■ What to do ■
Using only the entries below, copy exactly the lines that begin at the one with "Küchenwaage mit App" and end at the one with "油絵 原画【明日への約束 〜凪の調べ〜】海 夕日 風景画 A4 額縁付", both included. Drop the pictures.

■ Material for this exercise ■
>>>

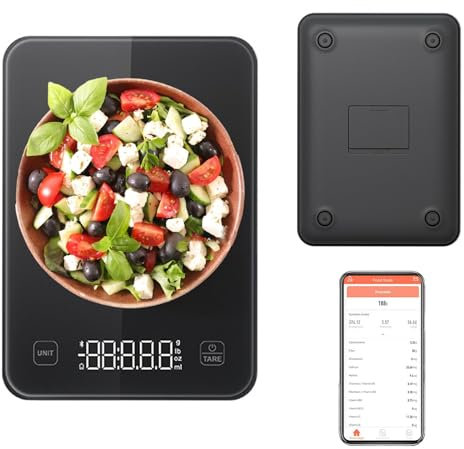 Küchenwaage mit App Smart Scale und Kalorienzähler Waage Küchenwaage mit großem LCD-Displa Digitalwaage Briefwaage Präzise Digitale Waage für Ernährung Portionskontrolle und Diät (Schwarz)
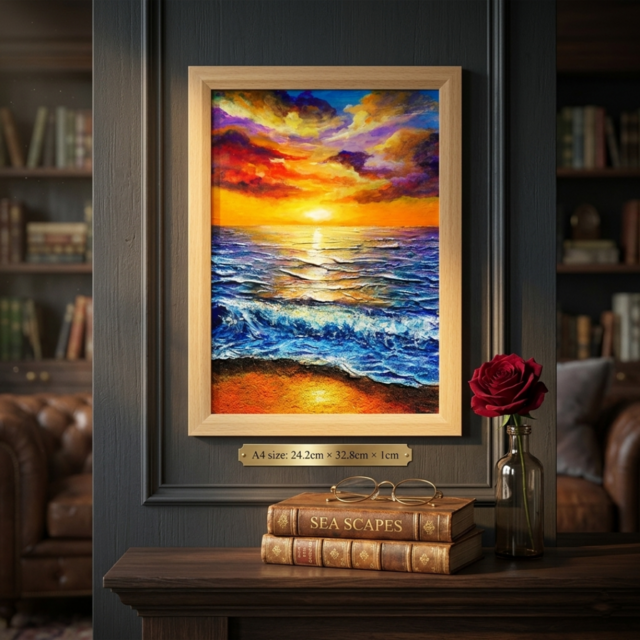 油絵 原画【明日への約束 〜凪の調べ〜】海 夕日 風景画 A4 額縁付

<<<
>>>

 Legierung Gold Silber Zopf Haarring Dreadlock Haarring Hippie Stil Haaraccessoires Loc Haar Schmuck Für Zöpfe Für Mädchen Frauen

<<<

■ Written answer ■
 Küchenwaage mit App Smart Scale und Kalorienzähler Waage Küchenwaage mit großem LCD-Displa Digitalwaage Briefwaage Präzise Digitale Waage für Ernährung Portionskontrolle und Diät (Schwarz)
 油絵 原画【明日への約束 〜凪の調べ〜】海 夕日 風景画 A4 額縁付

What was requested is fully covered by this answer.